Journal Staff Writer

ISHPEMING — Your not-so-typical pantry has moved into the first floor of the Gossard Building in Ishpeming.

The Bike Pantry, an L3C– low-profit, limited liability charity — provides the community with free and affordable outdoor equipment. What might be considered junk to some is now being turned into usable equipment for those looking to get outdoors or as a means of transportation.

“We recognized there was a need in the community and Alex and I being bike mechanics ourselves, it’s really fun for us. For us, it was more of a hobby,” Bike Pantry cofounder Mark Hall said about himself and cofounder Alex Babcock. “We thought, well if there’s enough bikes going into the trash, why don’t we try to fix them up and give them away for people who need transportation or to recreate?”

Hall said next summer the pantry plans to branch out with skateboards and backpacking.

“(We’re) just trying to get people out in the woods recreating on the cheap so people don’t have to feel like they can spend hundreds and hundreds of dollars on stuff,” he said. “It’s a barrier for a lot of people, so we want to provide the means for people to do those things without breaking the bank.”

Babcock added that outdoor recreation can sometimes be expensive.

“But if done simply, it can be done fairly affordably with gear that’s usually pushed aside or unused,” he said. “So we just like to have a place to gather that and be a hub to kind of spread that wealth around.”

While the Bike Pantry has only been open for six months, the idea first came to light two years ago when Babcock was working at Velodrome Coffee Company in Ishpeming.

“The fourth floor is kind of a storage space for the (Gossard) building. It’s been largely unused for 30 years or more,” Babcock said. “So we just kind of started cleaning up there for rent more or less. (The owners) let us use that space and that’s where the majority of the bikes are at.”

He said the Bike Pantry has 50 to 60 bikes on the fourth floor, a space that is used more in the summer due to the lack of heat.

“We’re hoping for more snow, we got some snowboards ready to go if we get snow,” Babcock said. “Otherwise, we’re going to be ready for spring with lots of bikes.”

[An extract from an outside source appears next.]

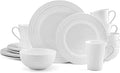 Mikasa Ciara 16 Piece Bone China Dinnerware Set, Service for 4, Lightweight and Durable Plates Bowls and Mugs, Elegant White Dinnerware for Everyday Use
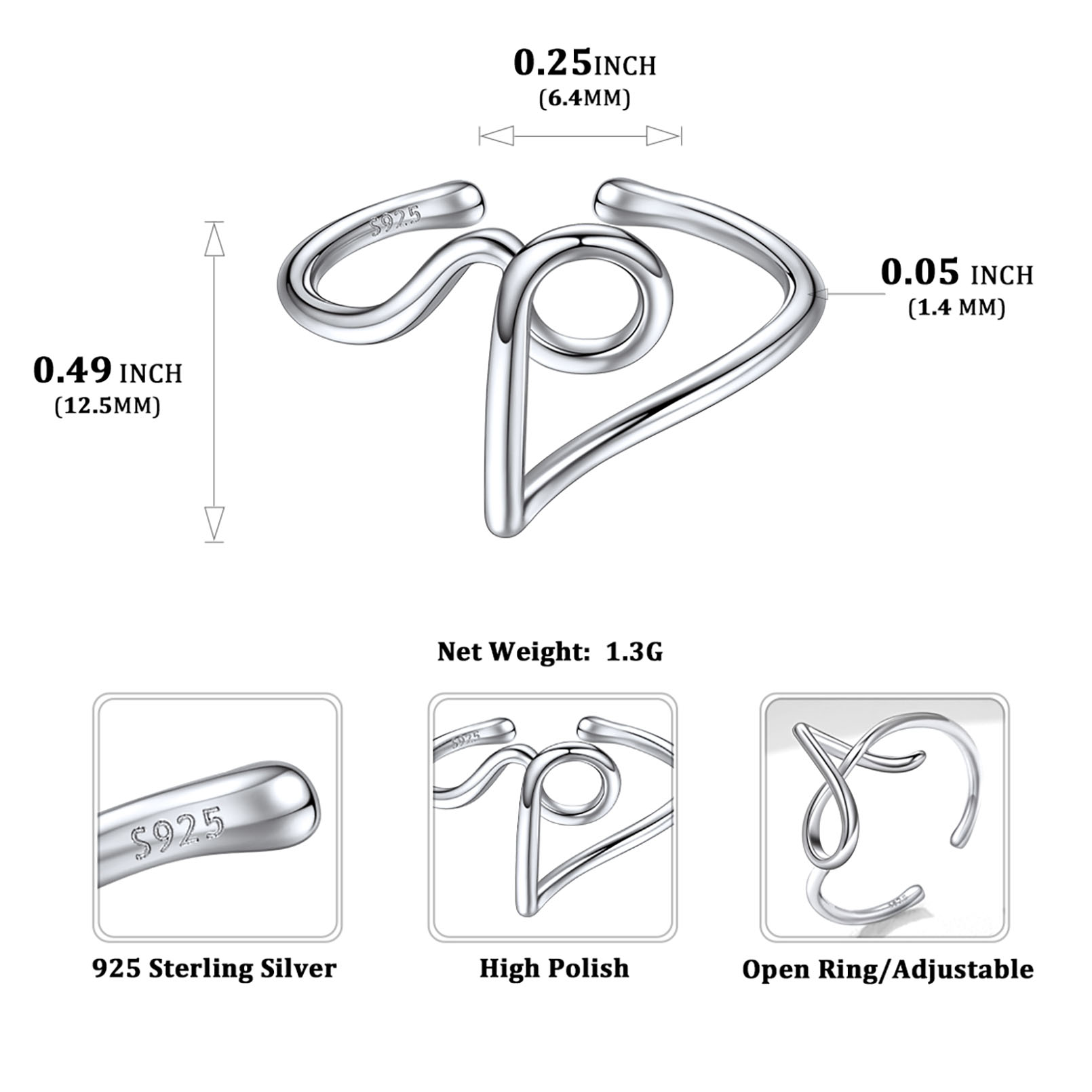 Simple Initial Letter Monogram A-Z Adjustable Ring Details: Dimensions, Hypoallergenic, Adjustable size for 6~11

To get the community interested and into the space, Babcock said the Bike Pantry hosts monthly events — bike teardowns and bike builds.

“We just did a teardown last month where people came in and we took bikes that weren’t in very good shape and tore them down to frames,” he said. “Now (the frames) can be built back up with new parts into some pretty nice bikes.”

The Bike Pantry also hosted a Halloween bike ride to get people interested and aware of the pantry.

“Mark is very into the mining culture of the area and very historically minded, so (he) kind of led a little historical tour of the mines while we’re on our bikes,” Babcock said. “Moving forward, we just want to keep up with the monthly events and get them outdoors as soon as we can.”

So far, the Bike Pantry has been able to give away 12 to 15 bikes. Babcock added that there is no cost to get a bike through the pantry.

“If someone needs a bike, they can get in contact with us through Facebook or Instagram and we will get them a bike,” he said.

The Bike Pantry also takes in donations to help provide more bikes to the community.

“We’ve had very generous donors come in through the workshops that we’ve done and donate to where we can get more tools,” Babcock said. “We’ve been given bike stands now, so we have four or five stations where everyone can have their own set of tools and their own area to break bikes down. We were a little overwhelmed last time we did it. People were just kind of all over the place, on the floor and sharing tools. So that was really fun but we’re going to get better at it.”

The pantry’s first fundraising project is for the proposed Ishpeming skatepark, which would be located one block east of the Ishpeming City Hall.

Babcock said the pantry has been doing fundraising in the form of concerts in the building.

“We were able to buy 20-some skateboards where we will have artists paint them. In February, at Velodrome in town, we will have an auction (with the painted skateboards) and those funds will be donated to the skatepark,” he said. “We’re trying to build up from having a small concert and then building that up into whatever we can to at least garner interest and make sure the city knows that we (the community) want the skatepark.”

Babcock stressed that he wants the community to know that there are no fees when it comes to the Bike Pantry.

“We do what we can to make it free, even if it’s not free for us, we do our best to make it free for the community. Mark and I are not making anything from this, it’s all volunteer-based,” he said. “We’d love to have more people come in and (run) it. We both have full-time jobs, but this is a passion we’d be doing otherwise, so it’s awesome to have a space to do it.”